Before you start tasting, take a minute to think about the ice cream cones you’ve eaten in the past.
Ask an adult—or a friend or family member—to be the “Tasting Organizer.” This is an important job! They will be in charge of setting up the tasting. The Tasting Organizer should: 1. Assign each brand of ice cream cones a number. 2. Write down the numbers and the brand names on a separate piece of paper to keep track of them.
Meanwhile, each taster needs 1 sheet of blank paper. Using a marker or pen, divide the paper into the same number of sections as ice cream cone samples you’ll be tasting. Label the sections “Sample 1,” “Sample 2,” “Sample 3,” and so on, depending on how many samples you have.
Make sure each person has a glass of water and 2 crackers or a slice of sandwich bread—these are to help cleanse your palate in between tastes.
Next, the Tasting Organizer should break 1 to 2 cones from each brand into large pieces (you’ll need enough large pieces so that each taster gets 3 pieces from each brand). Then, they should lay out the pieces of ice cream cone on each taster’s sheet of paper, placing 3 pieces of the first brand in section 1, 3 pieces of the second brand in section 2, and 3 pieces of the third brand in section 3.
Give each person a copy of the Tasting and Testing Ice Cream Cones scoring sheet to keep track of tasting notes.
Time to taste! First, you’ll taste the ice cream cones plain (without ice cream).
Now, taste each sample with a bite of ice cream. Give each taster a small scoop of ice cream in a small bowl and a spoon. Eat each of your remaining ice cream cone samples with a bite of ice cream (see why we had you save one of each sample?).
Give each sample a Flavor Score and a Texture Score, based on what you thought of its flavor and texture. Remember: A higher score means you liked it more!
Next, test the function of each cone as a whole group. Use an ice cream scoop to place 2 scoops of ice cream in 1 cone from each of the 3 brands. You will have 3 cones total. The Tasting Organizer should keep track of which cone belongs to each brand. Have volunteers hold the cones over paper towels for 3 minutes (set a timer!). Everyone should observe to see if any ice cream leaks out of the cones. No eating yet!
You can start eating the ice cream cones as you give each cone a Function Score based on your observations, starting with Sample 1. Think about:
Calculate the Overall Score for each ice cream cone by adding your Flavor, Texture, and Function Scores.
Time to pick a winner! Which of your samples had the highest Overall Score? That’s your winning ice cream cone. Look at the key (made by the Tasting Organizer) to see which brand matches your winning sample.
Now that you’ve locked down your favorite (and least favorite) ice cream cones, see if your flavor, texture, and function observations match up with what it says on the packaging. For example:
Did one sample of ice cream cone taste sweeter than the others? Look at how many grams of sugar it has on the nutrition label and compare that to the other ice cream cone samples. Did the cones with the most sugar taste the sweetest?
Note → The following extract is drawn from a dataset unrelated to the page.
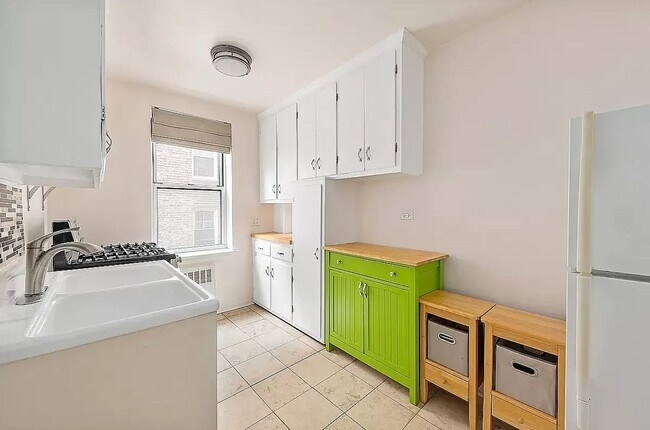 Photo - 153 Bennett Ave Apartment Unit Bennett Avenue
Did any of the cones taste like vanilla or another flavor? Take a look at the ingredient list (usually below the nutrition label) and see if you can find the ingredient whose flavor you tasted.
When you opened the different boxes, did you notice how the ice cream cones were packaged? Ice cream cones are pretty fragile—they can break pretty easily. Was there any protective packaging, such as cardboard or foam casing to help keep the cones from breaking?
If you were going to reinvent a way to package ice cream cones, what would your design look like? What materials would you use?
For a long time, historians thought that ice cream cones were invented in 1904 at the St. Louis World’s Fair: An ice cream vendor ran out of paper containers, so he started using the waffle-like treats his neighbor was selling to hold his ice cream.
Well, it turns out that’s probably not the first instance of an ice cream cone. In fact, food historians aren’t 100 percent sure when ice cream cones first appeared on the scene. A horn-shaped wafer filled with ice cream, called a cornet, was served in Paris in the 1800s, and there is evidence of wafer desserts dating back to the Middle Ages.
The world may never know the true origin story of ice cream cones, but we do know that they’re the perfect summer (or anytime) dessert!